Engineering is an compromise:
'Anyone can build a bridge that stands, but it takes an engineer to build a bridge that barely stands.'

No. I accept that a STIFFER power supply is always better than a 'soft' power supply. All other things being equal.

I never mentioned cost. Not once. I accept that various compromises may be made in order to reduce costs.

 

[Short38]

Why in hell is this thread active?

 

[ahofer]

So far I'm mostly interested in the single blind test.

I've never had the urge to put Also Sprach on at volume.

 

[Keith_W]

Zaphod? Is that you, Trevor? From Queensland? Services ME amplifiers? Guys, if this is who I think is posting, he is well known in Australian hi-fi circles. He has a proven track record as an objectivist going back 30 years to the days of USENet.

I am prepared to entertain your thoughts on this, but please post measurements to prove your case ... otherwise nobody will believe you.

 

[Chrispy]

Or is just the audio gear isolation that Australia suffers from?

 

[kemmler3D]

I just wanted to mention that 20ms with ~500ms in between is a perfectly good standard for peaks in the sense of transients, with IMO good correspondence to actual music. 20ms peaks with half a second in between would cover a bass drum going well above average while playing a beat at 120bpm.

Sustained notes, then would correspond to... sustained power, I guess.

 

[Deleted member 48726]

Okay. @Zaphod -Why are these bad amplifiers?

Rated to 1 ohm load dynamically and have plenty dynamic power. -Like almost all Yamaha amplifiers of older designs.
They are large soft power supplies with large capacitors.
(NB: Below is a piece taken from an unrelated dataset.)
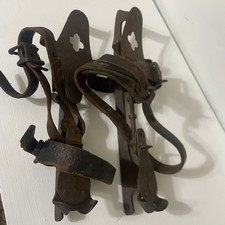 Vintage Ice Skates Metal Blade Leather Straps Old Fashioned Ice Skating Blades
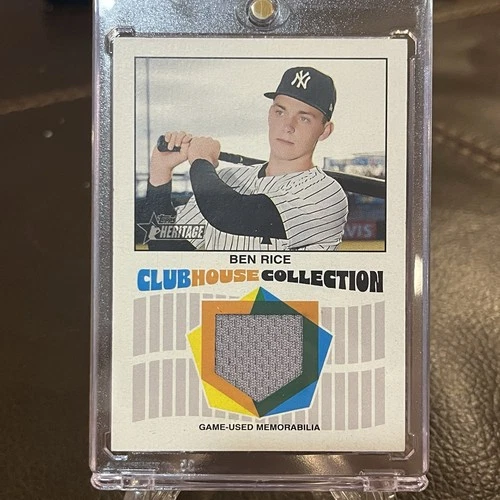🚨 Topps 2025 Ben Rice Heritage High Number Yankees Clubhouse Relics #CCR-BR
Optimized for cost.
This way of cost optimization is luckily also benefitting both power consumption and actual real world use cases of dynamic(!) music.

Now you'd probably argue that a stiff PS amp. would be better. No. It wouldn't. You'd just convert those dynamic values to continuous.
And assuming you'd only need those power figures in musical peaks the Yamahas' performance would be equal to the imaginary 2.5 kW monster amp.

Unless you got measurements to share that show compression or audible distortion when amplifiers with soft PS operate within their "headroom envelope" I'm sticking to my opinion.

 

[Punter]

"Headroom" is a somewhat domestic expression when applied to amplifiers. As I understand it, it's not actually a term used in relation to the amplifier circuitry but more specifically to the power supply. For any given load situation, within the design parameters of the amplifier, the power supply should be able to maintain a stable output voltage. Any failure of the power supply to "keep up" with the required load would see the voltage of the supply "sagging". This phenomenon would present itself when the energy stored in the smoothing/reservoir capacitors is depleted. This could happen due to a big transient or sustained volume that exceeds the power supplies ability to source the required current.

The sonic effect of this situation would be "clipping" where the peaks of the music signal would be squared off due to insufficient power supply voltage/current. The critical component involved in preventing clipping is of course the capacitors as they act like a battery which is being charged by the rectifier. Capacitors can supply huge amounts of current due to their relatively low internal resistance and of course the fact that electrical energy is stored in a capacitor as actual electric potential rather than a chemical reaction.
The original assertion that "the more headroom an amplifier has, the worse the amplifier" is a complete non-sequitur as headroom is something built into the power supply and has little to do with the actual amplifier circuit. It's telling that amplifiers designed for real work, in live sound systems, generally have massive transformers and massive capacitors, "headroom" is what any PA engineer wants in spades so as to ensure the cleanest sound possible. It's also a desirable quality in a domestic HiFi amplifier for the same reasons.

 

[solderdude]

The stiffer the power supply, the lower the headroom figures.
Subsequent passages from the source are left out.